Source data:
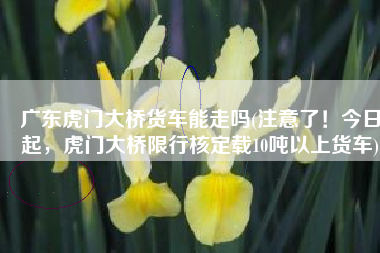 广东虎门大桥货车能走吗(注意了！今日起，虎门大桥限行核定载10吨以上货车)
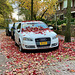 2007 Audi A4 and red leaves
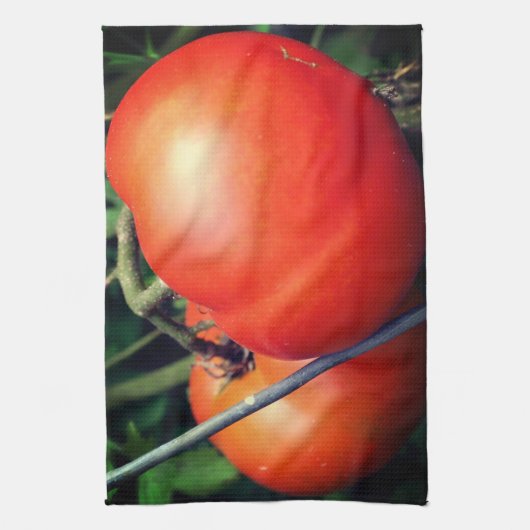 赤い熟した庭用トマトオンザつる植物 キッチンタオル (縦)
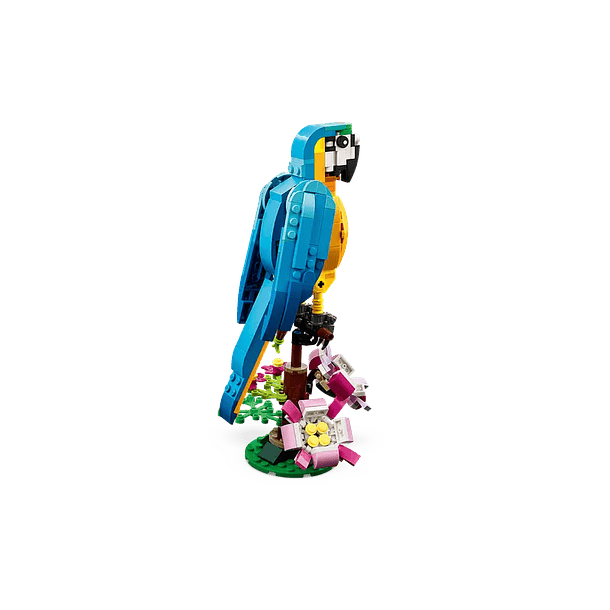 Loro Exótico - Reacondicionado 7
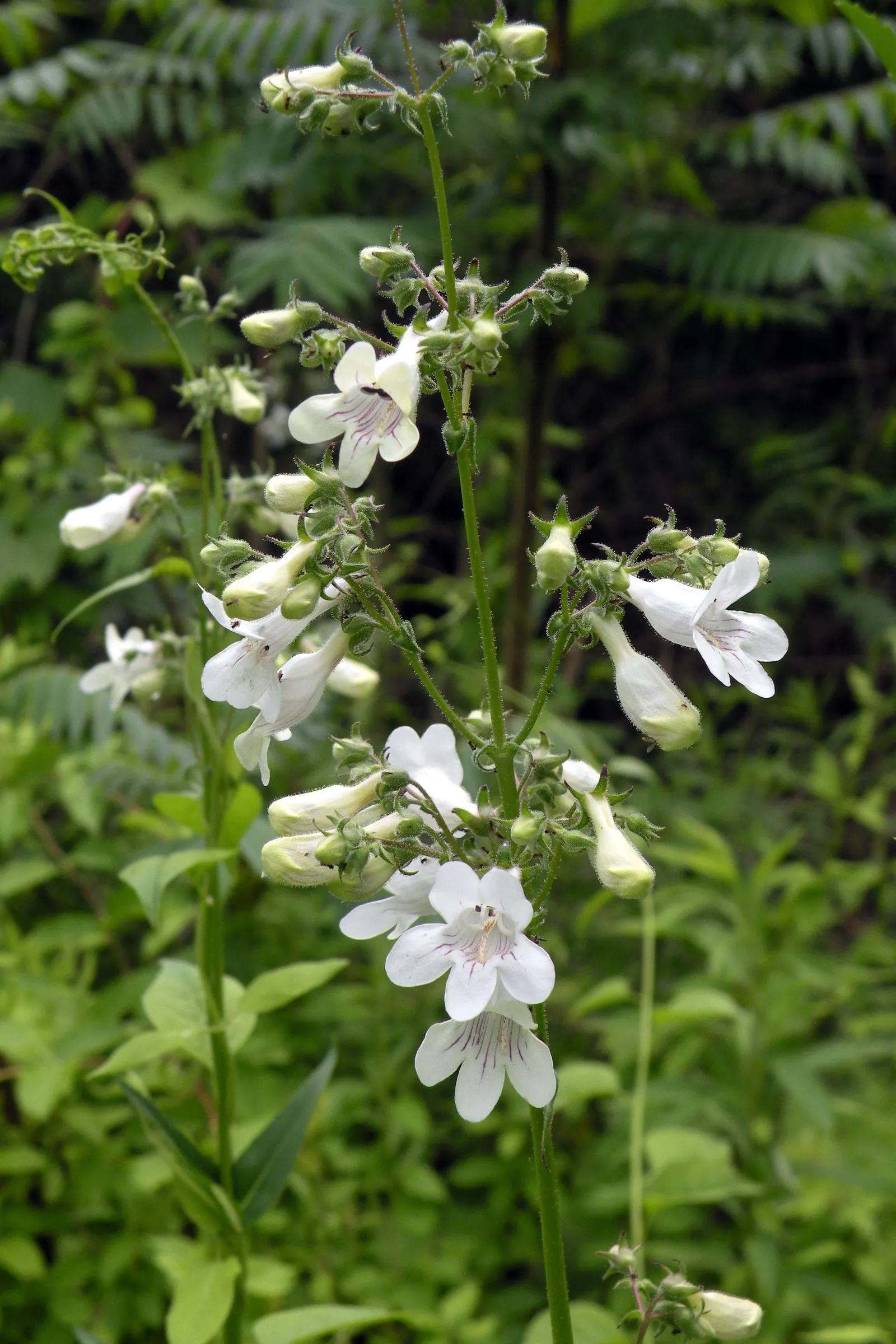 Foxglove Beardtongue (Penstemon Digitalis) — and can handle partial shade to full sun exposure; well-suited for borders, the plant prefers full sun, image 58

### ACTIVITY
Print every entry exactly as written, without the pictures.

### RESPONSE AREA
 广东虎门大桥货车能走吗(注意了！今日起，虎门大桥限行核定载10吨以上货车)
 2007 Audi A4 and red leaves
 赤い熟した庭用トマトオンザつる植物 キッチンタオル (縦)
 Loro Exótico - Reacondicionado 7
 Foxglove Beardtongue (Penstemon Digitalis) — and can handle partial shade to full sun exposure; well-suited for borders, the plant prefers full sun, image 58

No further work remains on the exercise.